The problem: Leave the pictures out. Retype exactly the lines below from the one containing "Adesso Bernard Matte Black Table Lamp" through the one containing "KNDPBCAC3G7802868 2016 KIA", and no others.

Listed records:

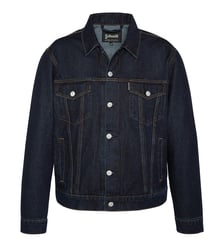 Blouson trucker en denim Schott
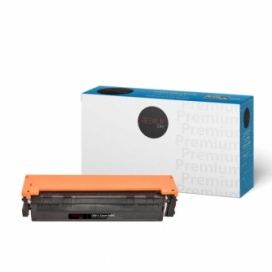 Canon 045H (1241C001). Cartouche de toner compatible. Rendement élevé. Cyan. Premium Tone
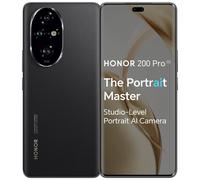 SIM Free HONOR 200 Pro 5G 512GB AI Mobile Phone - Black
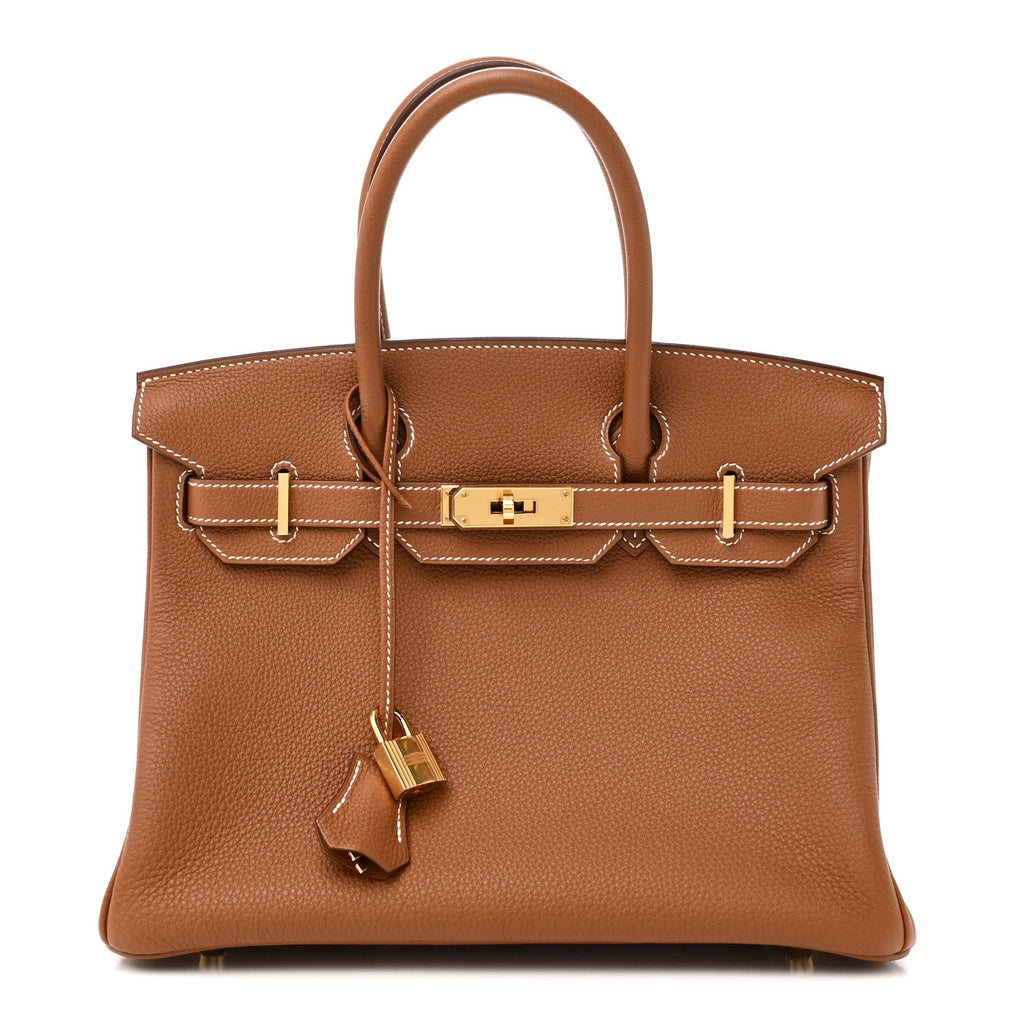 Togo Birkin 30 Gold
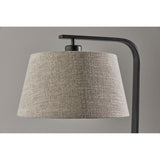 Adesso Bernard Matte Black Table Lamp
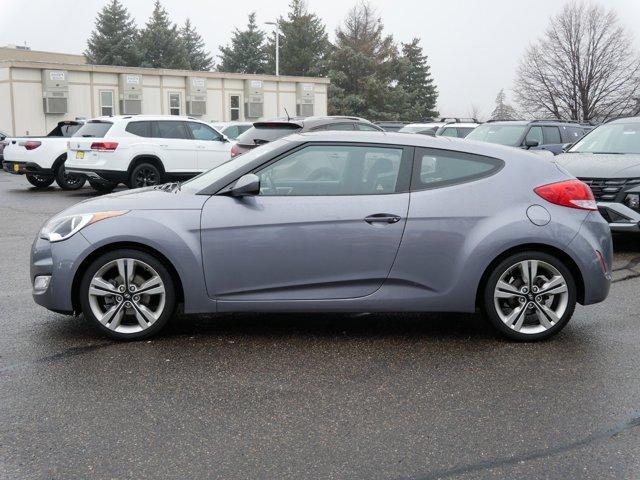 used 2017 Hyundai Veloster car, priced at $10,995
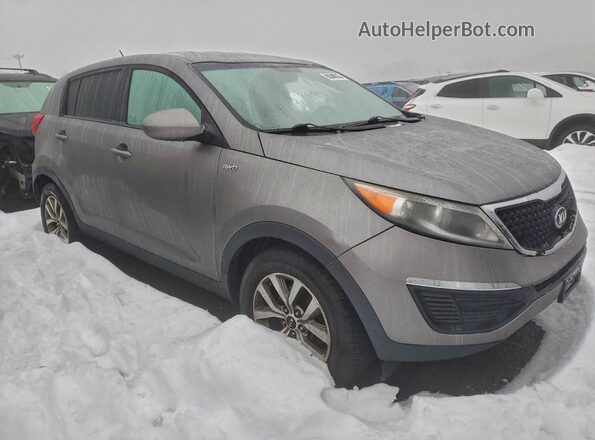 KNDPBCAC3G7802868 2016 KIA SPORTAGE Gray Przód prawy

* * *

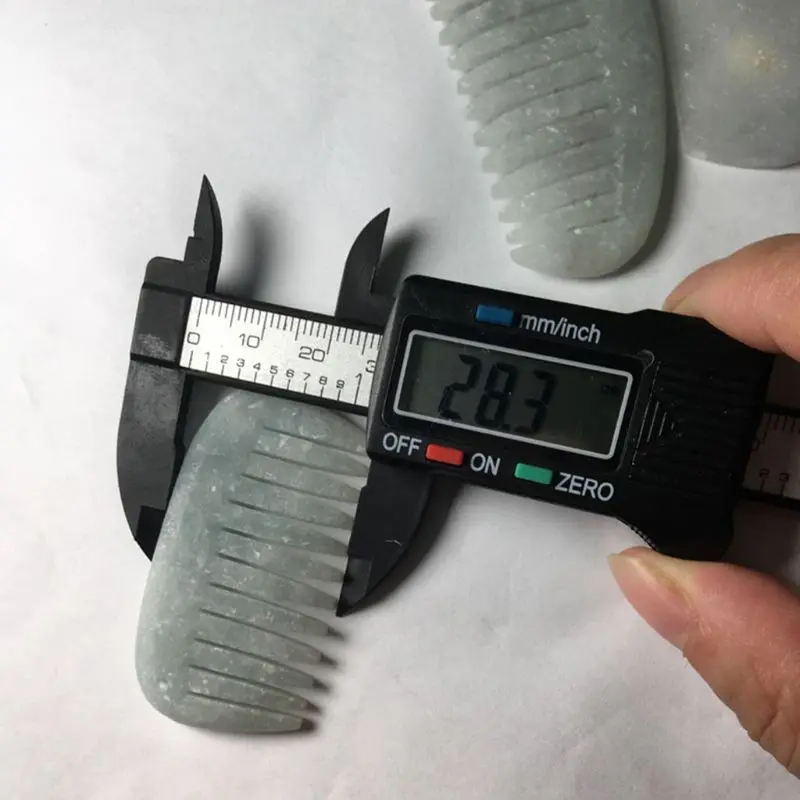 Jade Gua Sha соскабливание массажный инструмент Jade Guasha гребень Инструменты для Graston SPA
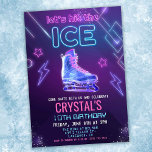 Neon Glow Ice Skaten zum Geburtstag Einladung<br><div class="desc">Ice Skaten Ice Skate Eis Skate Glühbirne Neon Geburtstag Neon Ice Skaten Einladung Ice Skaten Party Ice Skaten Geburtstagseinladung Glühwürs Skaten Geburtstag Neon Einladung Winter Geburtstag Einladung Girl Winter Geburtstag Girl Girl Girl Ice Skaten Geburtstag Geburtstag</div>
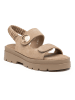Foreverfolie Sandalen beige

Written solution:
 Adesso Bernard Matte Black Table Lamp
 used 2017 Hyundai Veloster car, priced at $10,995
 KNDPBCAC3G7802868 2016 KIA SPORTAGE Gray Przód prawy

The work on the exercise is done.